■ Given records:

::::::

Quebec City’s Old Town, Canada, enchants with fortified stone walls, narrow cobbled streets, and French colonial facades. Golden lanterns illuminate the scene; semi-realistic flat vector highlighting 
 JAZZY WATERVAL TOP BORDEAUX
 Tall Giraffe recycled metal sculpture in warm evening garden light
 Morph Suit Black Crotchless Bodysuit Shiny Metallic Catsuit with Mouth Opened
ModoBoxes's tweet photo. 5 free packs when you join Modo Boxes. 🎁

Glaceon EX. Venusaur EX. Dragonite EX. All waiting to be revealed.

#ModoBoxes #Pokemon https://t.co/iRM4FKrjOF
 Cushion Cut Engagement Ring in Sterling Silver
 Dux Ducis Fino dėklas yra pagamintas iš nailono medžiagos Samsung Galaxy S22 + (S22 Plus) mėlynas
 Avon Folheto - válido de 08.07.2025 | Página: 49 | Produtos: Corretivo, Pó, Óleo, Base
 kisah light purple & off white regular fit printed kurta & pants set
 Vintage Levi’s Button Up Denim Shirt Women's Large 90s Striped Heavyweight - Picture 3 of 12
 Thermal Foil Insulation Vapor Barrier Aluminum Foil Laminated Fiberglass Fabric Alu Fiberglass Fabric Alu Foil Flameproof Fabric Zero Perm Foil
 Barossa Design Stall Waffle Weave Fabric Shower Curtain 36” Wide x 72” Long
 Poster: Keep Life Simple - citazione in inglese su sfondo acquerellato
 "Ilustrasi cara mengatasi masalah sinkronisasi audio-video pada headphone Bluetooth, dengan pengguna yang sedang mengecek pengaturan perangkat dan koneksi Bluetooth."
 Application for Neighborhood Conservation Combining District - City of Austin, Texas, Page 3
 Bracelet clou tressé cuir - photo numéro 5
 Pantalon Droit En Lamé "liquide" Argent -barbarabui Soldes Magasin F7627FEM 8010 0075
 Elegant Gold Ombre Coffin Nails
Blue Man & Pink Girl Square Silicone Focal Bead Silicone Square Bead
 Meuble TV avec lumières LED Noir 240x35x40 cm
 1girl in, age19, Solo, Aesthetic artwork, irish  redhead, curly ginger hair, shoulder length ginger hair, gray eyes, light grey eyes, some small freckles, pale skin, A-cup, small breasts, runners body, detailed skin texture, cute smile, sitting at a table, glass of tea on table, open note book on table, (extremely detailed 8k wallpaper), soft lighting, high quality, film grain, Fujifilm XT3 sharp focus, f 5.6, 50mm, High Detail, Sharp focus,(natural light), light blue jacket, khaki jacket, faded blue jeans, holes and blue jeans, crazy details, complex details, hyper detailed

::::::

■ What the exercise asks: Show each line in the data where the string "City" appears.

■ Expected output:
Quebec City’s Old Town, Canada, enchants with fortified stone walls, narrow cobbled streets, and French colonial facades. Golden lanterns illuminate the scene; semi-realistic flat vector highlighting 
 Application for Neighborhood Conservation Combining District - City of Austin, Texas, Page 3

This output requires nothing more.